### ABOUT THIS TASK
Reproduce, exactly and only, the lines of the data that follows from the one containing "Camiseta preta feminina" down to the one containing "RavaryW's tweet photo.", without pictures.

### LISTED RECORDS
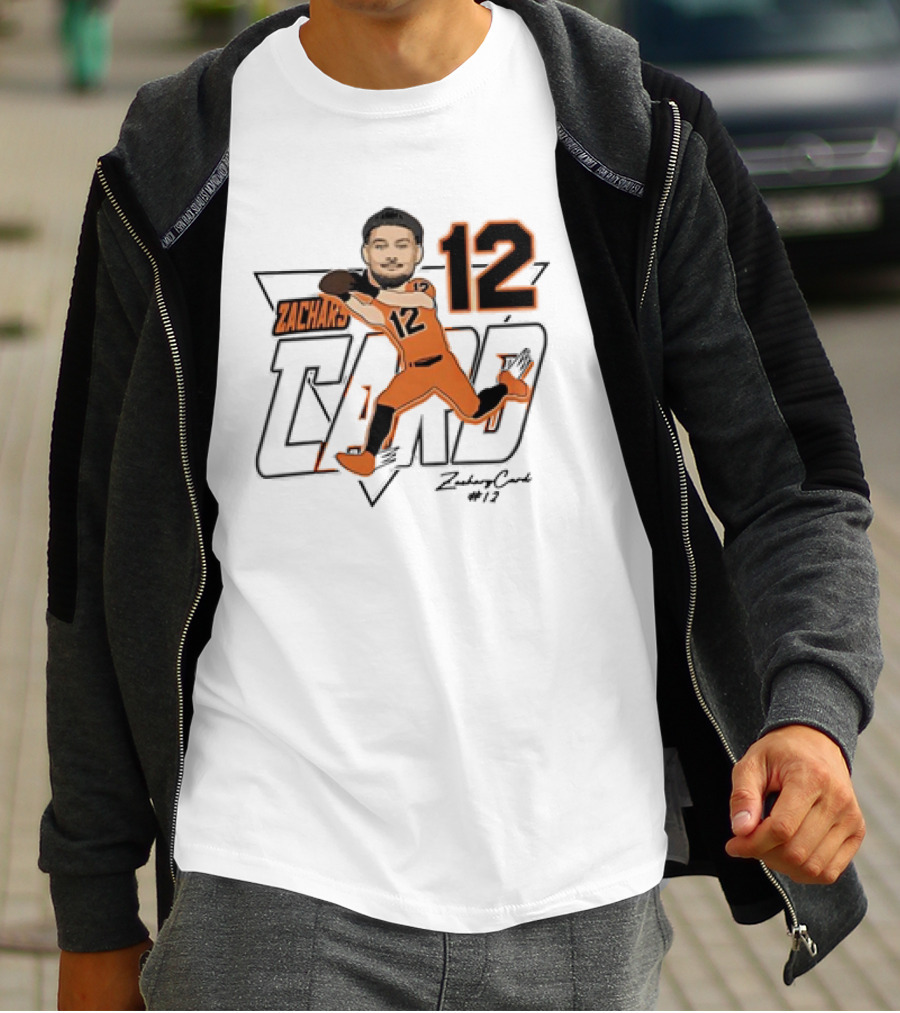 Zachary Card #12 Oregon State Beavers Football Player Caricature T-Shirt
==
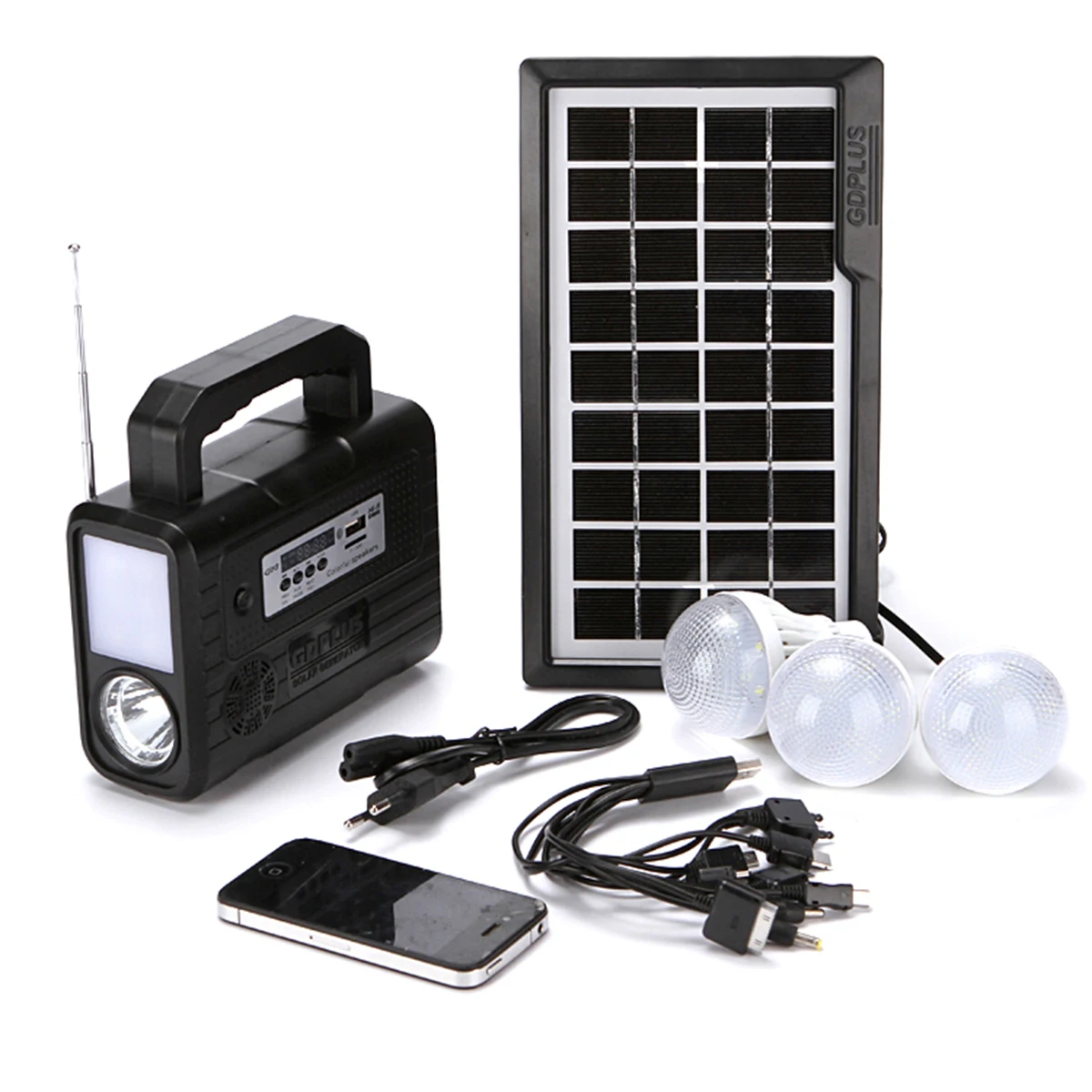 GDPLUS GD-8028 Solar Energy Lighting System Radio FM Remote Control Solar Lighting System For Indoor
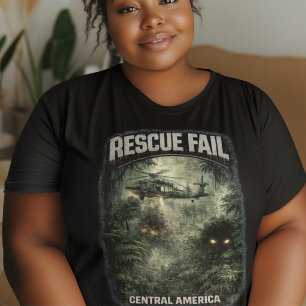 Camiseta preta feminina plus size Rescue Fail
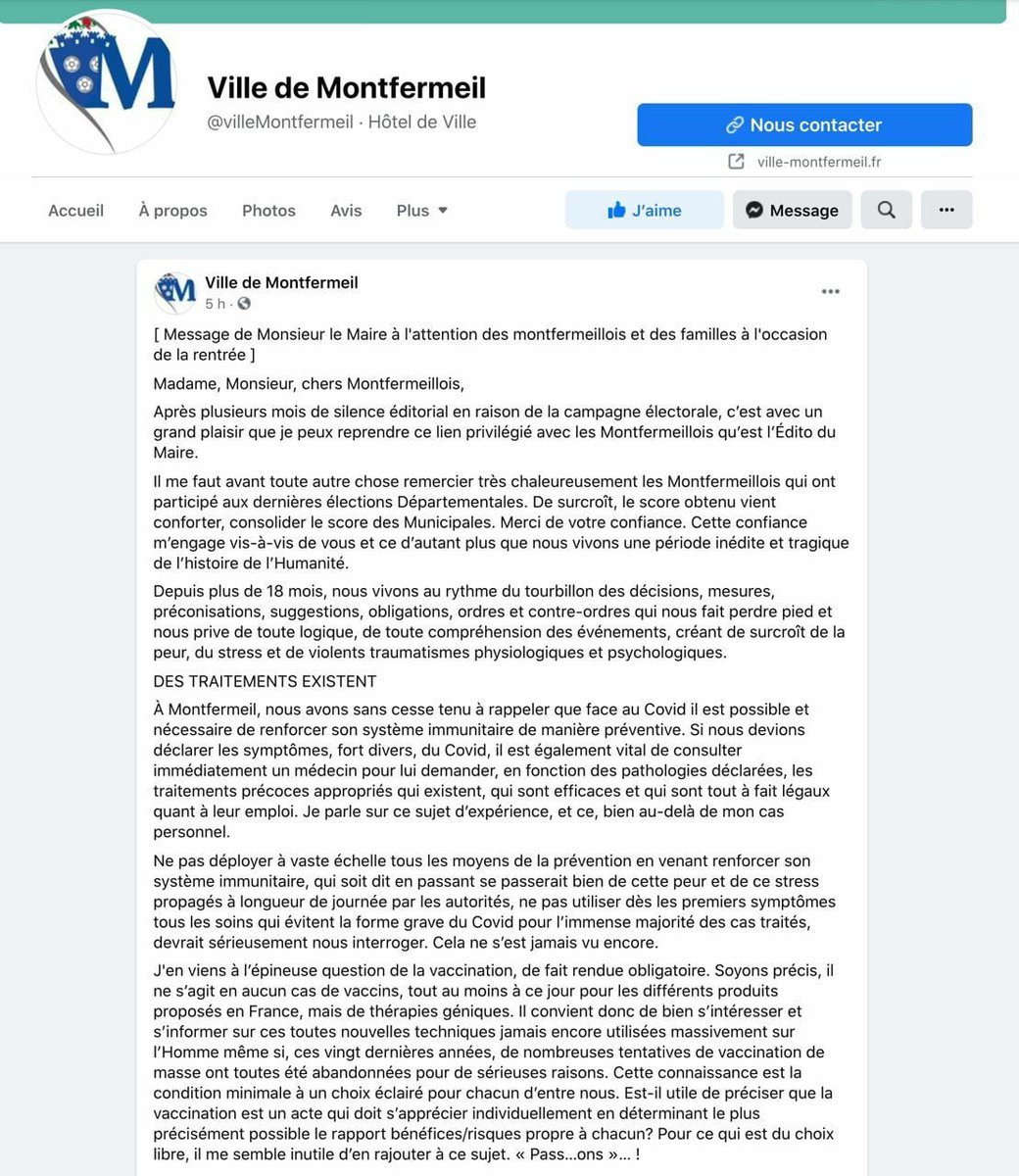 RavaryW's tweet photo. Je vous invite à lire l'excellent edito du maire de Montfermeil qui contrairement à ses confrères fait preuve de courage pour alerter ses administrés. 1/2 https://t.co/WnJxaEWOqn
* * *
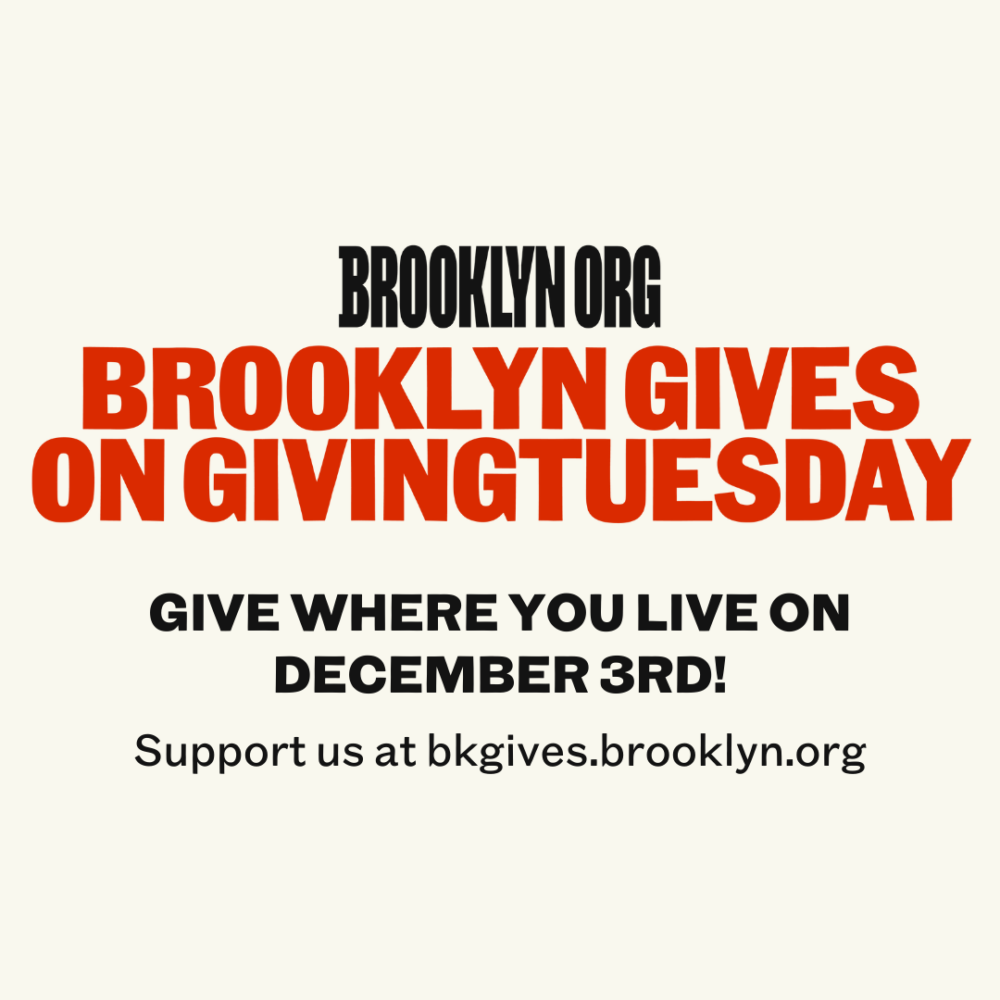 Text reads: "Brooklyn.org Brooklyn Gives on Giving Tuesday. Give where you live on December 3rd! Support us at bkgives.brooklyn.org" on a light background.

### TASK RESPONSE
 Camiseta preta feminina plus size Rescue Fail
 RavaryW's tweet photo. Je vous invite à lire l'excellent edito du maire de Montfermeil qui contrairement à ses confrères fait preuve de courage pour alerter ses administrés. 1/2 https://t.co/WnJxaEWOqn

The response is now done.